¿Por
qué las formas se confunden y la manera de sentir el dolor se repite en cada
ciclo?
Quizás
sea posible ignorar o distraerse, pero no adrede.
La vista puesta en el horizonte, la
línea curva que demuestra que son múltiples los caminos del destino. Dirigirse
hacia el final para llegar a ese punto en el que todo comienza.
Un
juego que despega los pies del suelo, que despeina, que emociona. Una actitud
condenada y combatida.
Seguir
los sueños o ir hacia ese lugar imaginado despierta la ignorancia de los otros
y la confianza de los unos. Y uno es de los unos. Y está más convencido que
todos.
Destruir
los lazos de la propia historia requiere de la propia muerte. Muerte para
renacer, muerte para acabar con las palabras y los gestos de los precedentes.
Destruir la voz de la propia condena implica saltar sin red, subir al propio
Rocinante y avanzar un poco más en esa historia.
Una
vida cotidiana la protagoniza cualquiera. Cualquiera sabe lo que hacer cuando
llega el momento y todos están señalando el próximo paso. El sufrimiento
auto-impuesto del deber de elegir sólo
es comprendido por algunos. Mientras tanto, el resto saca ventaja y avanza
inexorablemente hacia el próximo engaño.
Sostener
en el tiempo la naturaleza psíquica y sus relaciones con los sentimientos y
avanzar con esa incertidumbre a cuestas comienza a llamar la atención de los
otros que viven en el error por no comprometerse con la búsqueda interior para
comprender. El vuelo de uno llama la atención de muchos. Y el combatido comienza a ser admirado, pero
su soledad e incertidumbre continúan hirviendo en el interior.
Porque
la simplificación de la existencia nunca llega, porque el punto deseado, justo
en la línea del horizonte, vuelve a moverse y a tentar a las utopías y a los
sueños para que lo sigan.
Desengaño,
decepción, desilusión. Replegar las alas para tocar tierra firme y aterrizar en
un nuevo (y no por eso desconocido) mar de lágrimas.
Papeles,
cartas, poderes, acusaciones, lucha y más lucha para ser dueños del engaño.

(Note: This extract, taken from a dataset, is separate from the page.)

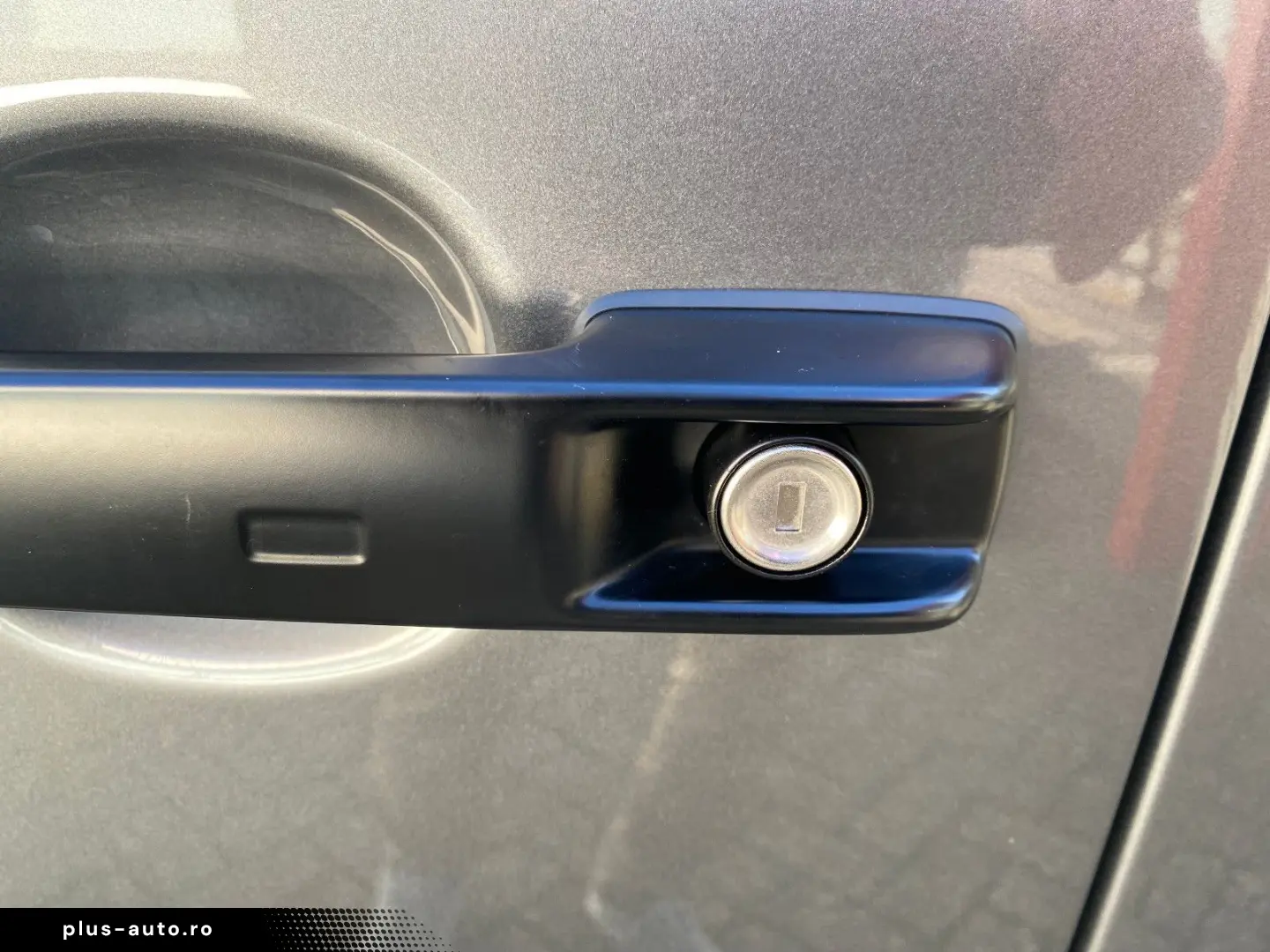 MERCEDES-BENZ G 450d AMG-LINE Keyless-go Night-Paket Top!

Quejas, dolor y llanto para demostrar la disconformidad.
Seres
humanos niños que nunca evolucionan, niños que no crecen, criaturas que pasan
el tiempo conectados a un sistema de muerte e ilusión. Niños que ejercen el
poder, niños que juzgan, niños que se reproducen, que conducen por las calles y
que educan a otros niños para que aprendan a vivir en la ficción.
Andar
con las alas replegadas (o mejor, disimuladas) por entre los niños y sus
instituciones.
Y
esa simple inocencia que despierta la ternura y la sonrisa provoca el juego, la
relajación, un momento de distracción en busca del olvido y la consiguiente
alegría. Pero la inocencia debe estar ligada a la fuerza. Un loco o un
inconsciente que disponga de poder se vuelve dañino. Y estos niños, ingenuos y
básicos, ostentan las herramientas que han sabido conseguir por permanencia. El
juego se vuelve catarsis, los deseos reprimidos empujan a la acción, los
movimientos se vuelven agresivos y lo aparentemente intrascendente se torna
cuantitativamente destacado. Los niños se han vuelto violentos, entre sí y para
quien juega con ellos.
Ellos
son la autoridad. El poder es una relación de fuerzas. Los millones de niños
que habitan las ciudades y las casas de los gobiernos están descontrolados, como
niños que son.
Y
desplegar las alas vuelve a ser un recurso utilizado. Platón lo ha dicho de su
maestro y otros viejos, antes y después, han utilizado ese dispositivo simple
que sólo sirve para volar y no ser destruido.
Pero no hay sitio a donde ir. Los refugios
son difíciles de hallar porque sólo así pueden ser preservados. Y escasean.
Volar es el destino de quien utiliza sus alas. Nunca lo será construir casitas
de ladrillos, con las paredes blanqueadas y un jardín florido y mucho menos
levantar castillos ni instituciones.
Y
el cielo que es surcado por voladores anónimos y conocidos está siempre ahí
para ellos, para que levanten sus miradas y recuerden que también es propia de
los humanos la facultad de volar. Pero nada debe tenerse para emprender ese camino
que implica liviandad para conseguir la libertad y el vuelo.